On 2009-10-12, Iñaki Baz C. [email protected] wrote:


#include <stdio.h>
int main(void) {
enum kk {NULL=0, NS=1, URL=2};
}

NULL is a symbol defined by the implementation, and defined by several
of
the standard headers (including <stdio.h>).

Usually, it is either “0” or “(void *) 0” or something equivalent.

$ gcc file_b.c
file_b.c: In function ?main?:
file_b.c:3: error: expected identifier before ?(? token

I’d bet you’ve got one where it’s “(void *) 0”.

-s

On Mon, Oct 12, 2009 at 7:25 PM, Seebs [email protected] wrote:

On 2009-10-12, Iñaki Baz C. [email protected] wrote:

Right, I’m sorry. I never spected that the usage of “NULL” was creating the
issue.

The secret to effective debugging:

If you suspected what it was, you wouldn’t need to ask for help. So it
is usually best to try to include a tested reproducer rather than guessing
at which parts are relevant.

At least, mocking up an example is fine, but check that the mocked up
example demonstrates the same failure.

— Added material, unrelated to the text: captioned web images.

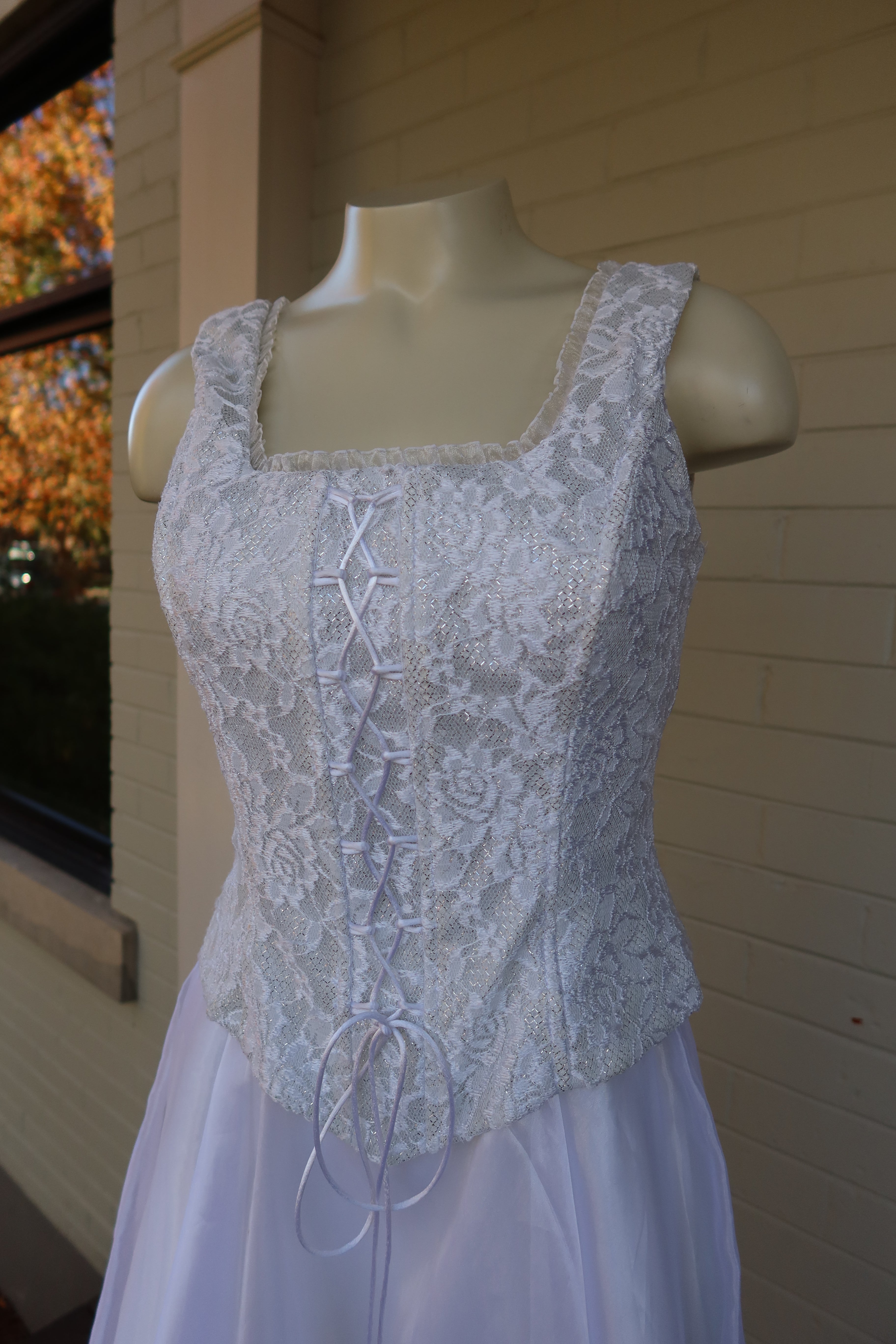 90s Lace Low Back Corset Gown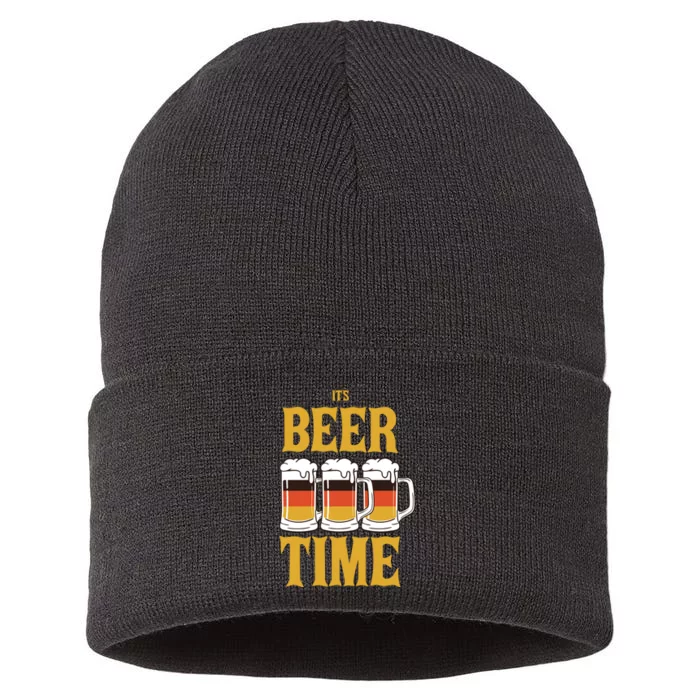 It's Beer Time German Flag Sustainable Knit Beanie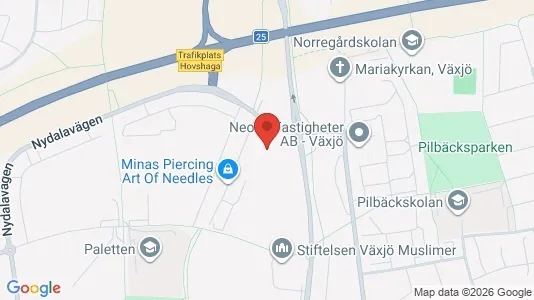 Lägenheter att hyra i Växjö - kort over placeringen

In this case, your mocked up
example did not, and having seen that, you would likely have solved
the problem yourself :slight_smile:

Paul S.
http://www.nomadicfun.co.uk

[email protected]

On 2009-10-12, Paul S. [email protected] wrote:

At least, mocking up an example is fine, but check that the mocked up
example demonstrates the same failure. In this case, your mocked up
example did not, and having seen that, you would likely have solved
the problem yourself :slight_smile:

Yes. And be sure the mockup is actually representing the problem as
such…

My favorite example of recent memory: Someone reported a bug, which
was that the compiler was generating an instruction not supported by a
particular CPU. The submitted reproducer, to simplify things, simply
included the unwanted instruction in inline assembly… It took some
prodding to discover that there was an actual, underlying, problem.

-s

El Lunes, 12 de Octubre de 2009, Paul S.
escribió:>

At least, mocking up an example is fine, but check that the mocked up
example demonstrates the same failure. In this case, your mocked up
example did not, and having seen that, you would likely have solved
the problem yourself :slight_smile:

100% agree. I’m really sorry the waste of time.

Thanks a lot.

On 2009-10-12, Iñaki Baz C. [email protected] wrote:

100% agree. I’m really sorry the waste of time.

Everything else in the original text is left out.